One thing only is a sorrow; and this proved an immeasurable one: That they did not, that Queen Sophie did not, in such case, frankly give it up: Double-Marriage is not a law of Nature; it is only a project at Hanover that has gone off again. There will be a life for our Crown-Prince, and Princess, without a marriage with England!-It is greatly wise to recognize the impossible, the unreasonably difficult, when it presents itself: but who of men is there, much more who of women that can always do it?

Queen Sophie Dorothee will have this Double-Marriage, and it shall be possible. Pour Lady, she was very obstinate; and her Husband was very arbitrary. A rough bear of a Husband, yet by no means an unloving one; a Husband who might have been managed. She evidently made a great mistake in deciding not to obey this man; as she had once vowed. By perfect prompt obedience she might have had a very tolerable life with the rugged Orson fallen to her lot; who was a very honest-hearted creature.

She might have done a pretty stroke of female work, withal, in taming her Orson; might have led him by the muzzle far enough in a private way,--by obedience.

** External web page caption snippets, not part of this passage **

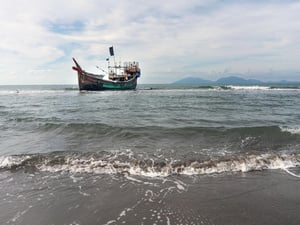 A refugee boat in the ocean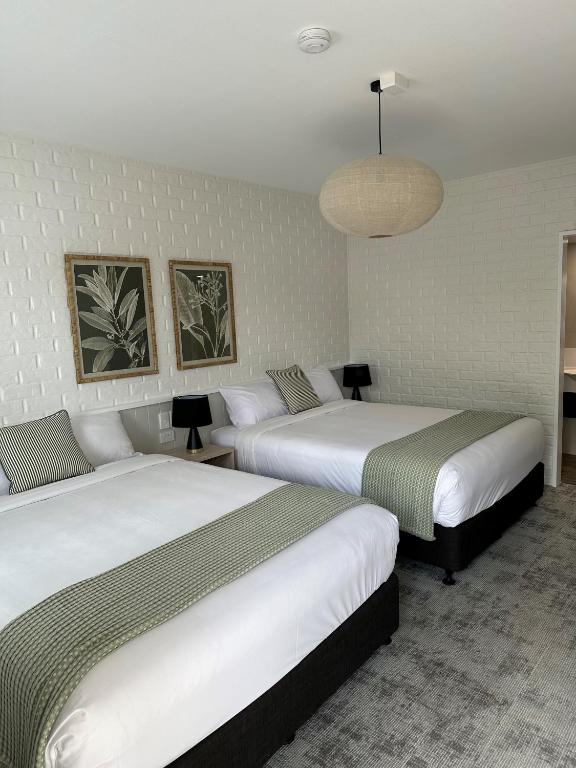 土乌巴三叶草酒店的一间酒店客房,房间内设有两张床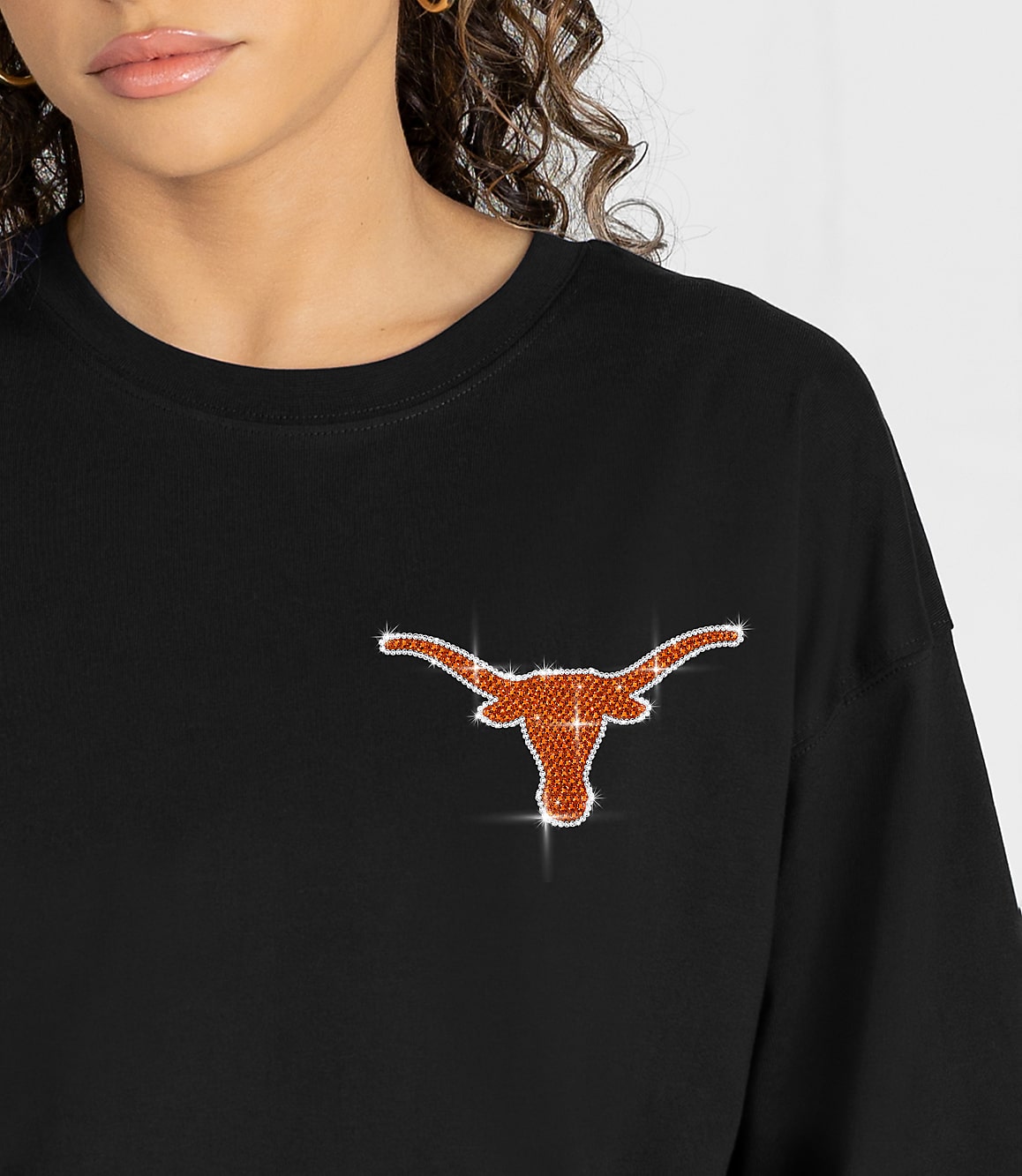 A close-up of a person wearing a black t-shirt with a sparkling Texas Longhorns logo on the chest, with a blurred background.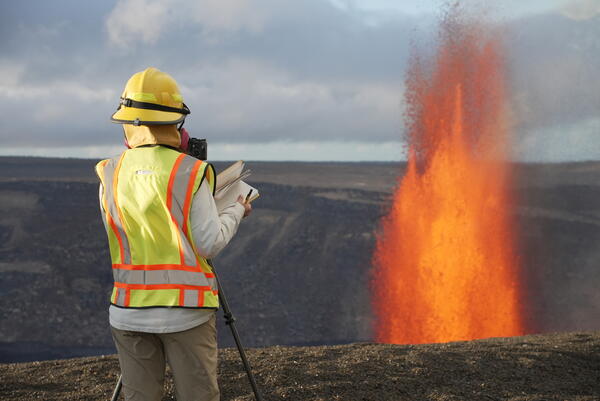 Color photograph of scientist observing lava fountain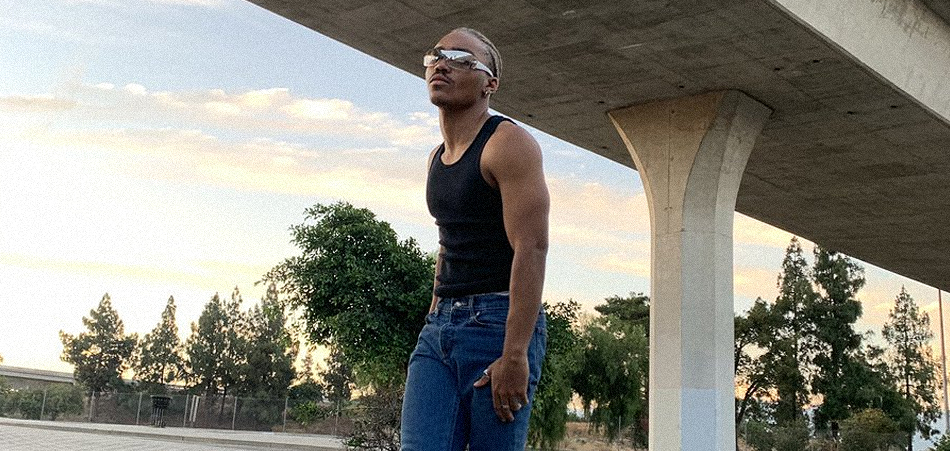 Josh Levi standing under bridge by Blair Caldwell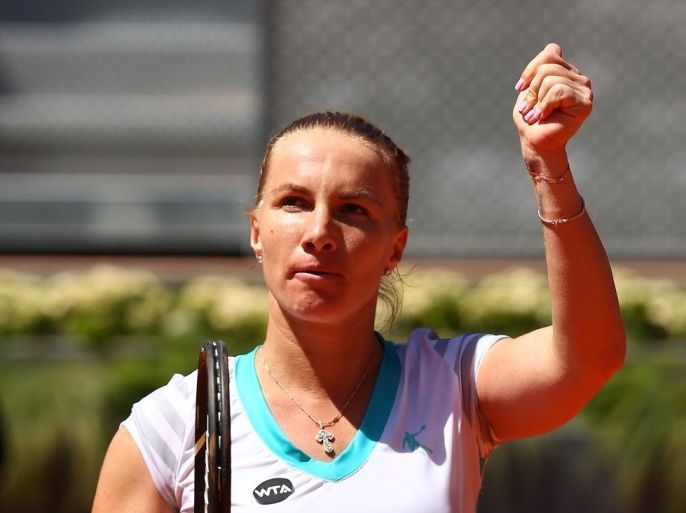 MADRID, SPAIN - MAY 08: Svetlana Kuznetsova of Russia celebrates to the crowd after her straight sets victory against Maria Sharapova of Russia in their semi final match during day seven of the Mutua Madrid Open tennis tournament at the Caja Magica on May 8, 2015 in Madrid, Spain.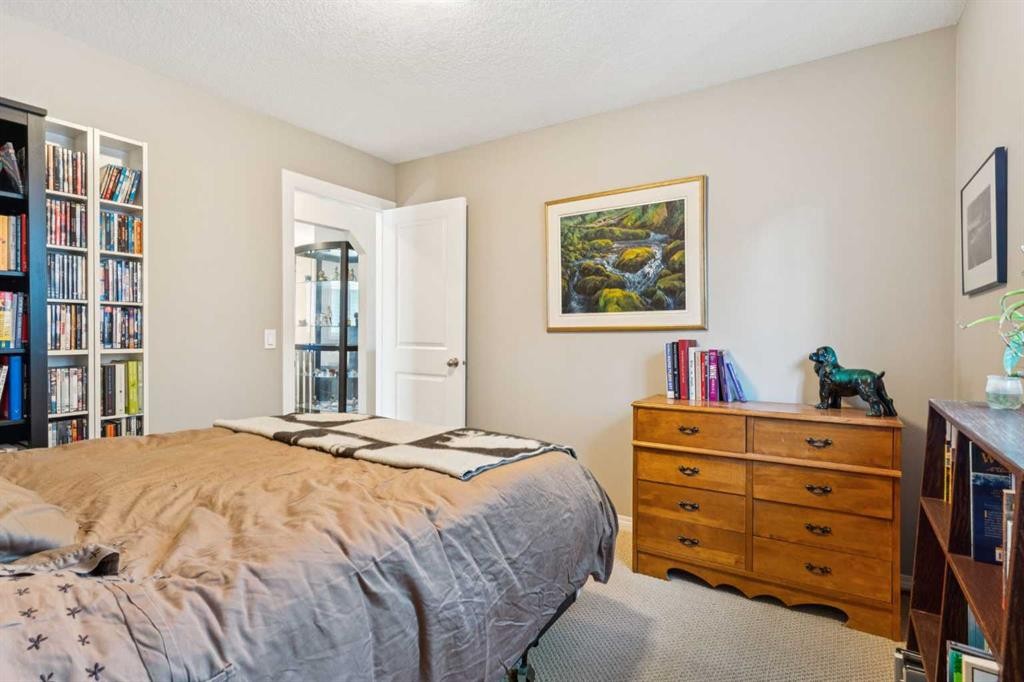 645 Panatella Boulevard Nw, Calgary, AB - Indoor Photo Showing Bedroom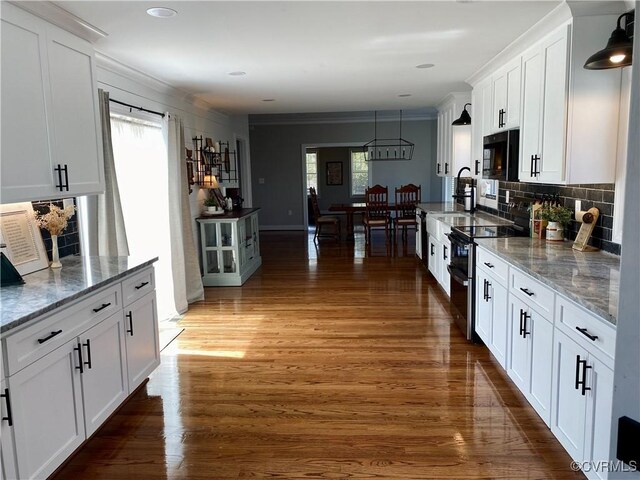 12309 Main St, Stony Creek, VA 23882 - kitchen with black microwave, range with electric stovetop, white cabinetry, decorative backsplash, and crown molding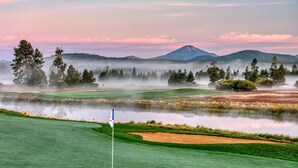 A golf course with a flagstick, water hazards, and a mountain in the background. - Walk to Village, Sharc Passes, Air Conditioning, King Bed, Bikes (Sunriver)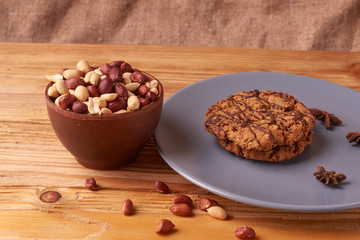 walnut peanut in clay bowl. peanuts for food textures. peanut harvest. fried peanuts. texture of the nuts and chocolate cookies on plate. selective focus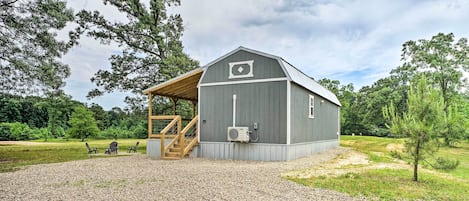 A rustic barn with a covered porch, gravel driveway, and outdoor seating area.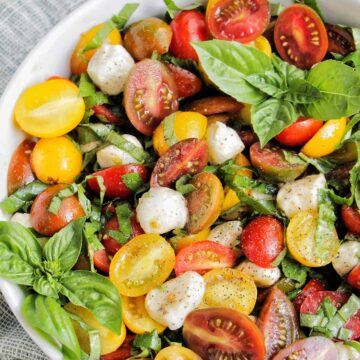 cherry tomato caprese salad in serving bowl.
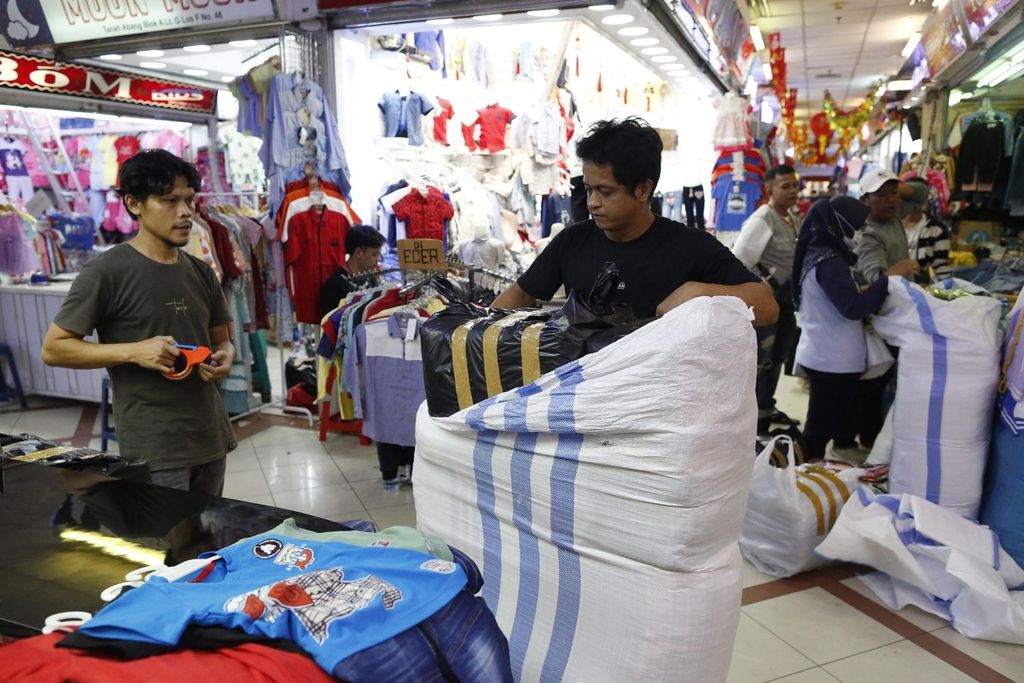 Pegawai salah satu kios di pasar grosir tekstil Blok A Tanah Abang, Jakarta, sedang mengepak pakaian pesanan pelanggan, Senin (30/1/2023). Untuk persiapan menjelang Lebaran, para pedagang di daerah terutama dari luar Pulau Jawa mulai menyetok barang dengan berbelanja pakaian di Pasar Tanah Abang. 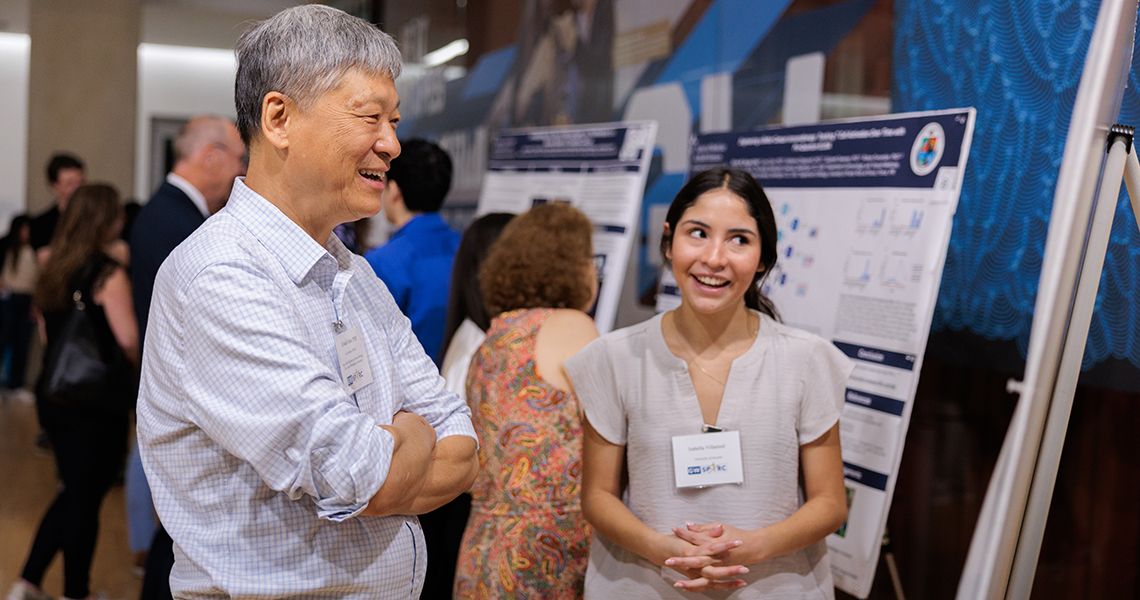 Student presenting research to Ed Seto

But by disobedience, by rebellion open or secret? Friedrich Wilhelm was a Husband; Friedrich Wilhelm was a King; and the most imperative man then breathing. Disobedience to Friedrich Wilhelm was a thing which, in the Prussian State, still more in the Berlin Schloss and vital heart of said State, the laws of Heaven and of Earth had not permitted, for any man's or any woman's sake, to be. The wide overarching sky looks down on no more inflexible Sovereign Man than him in the red-collared blue coat and white leggings, with the bamboo in his hand. A peaceable, capacious, not ill-given Sovereign Man, if you will let him have his way. But to bar his way; to tweak the nose of his sovereign royalty, and ignominiously force him into another way: that is an enterprise no man or devil, or body of men or devils, need attempt. Seckendorf and Grumkow, in Tobacco-Parliament, understand it better. That attempt is impossible, once for all. The first step in such attempt will require to be a.s.sa.s.sination of Friedrich Wilhelm; for you may depend on it, royal Sophie, so long as he is alive, the feat cannot be done. O royal Sophie, O pretty Feekin, what a business you are making of it!

The year 1726 was throughout a troublous one to Queen Sophie.

Seckendorf's advent; King George's manifestoing; alarm of imminent universal War, nay sputters of it actually beginning (Gibraltar invested by the Spaniards, ready for besieging, it is said): nor was this all.

Sophie's poor Mother, worn to a tragic Megaera, locked so long in the Castle of Ahlden, has taken up wild plans of outbreak, of escape by means of secretaries, moneys in the Bank of Amsterdam, and I know not what; with all which Sophie, corresponding in double and triple mystery, has her own terrors and sorrows, trying to keep it down. And now, in the depth of the year, the poor old Mother suddenly dies. [13th November, 1726: _Memoirs of Sophia Dorothea, Consort of George I._ (i.

386),--where also some of her concluding Letters ("edited" as if by the Nightmares) can be read, but next to no sense made of them.] Burnt out in this manner, she collapses into ashes and long rest; closing so her nameless tragedy of thirty years' continuance:--what a Bluebeard-chamber in the mind of Sophie! Nay there rise quarrels about the Heritage of the Deceased, which will prove another sorrow.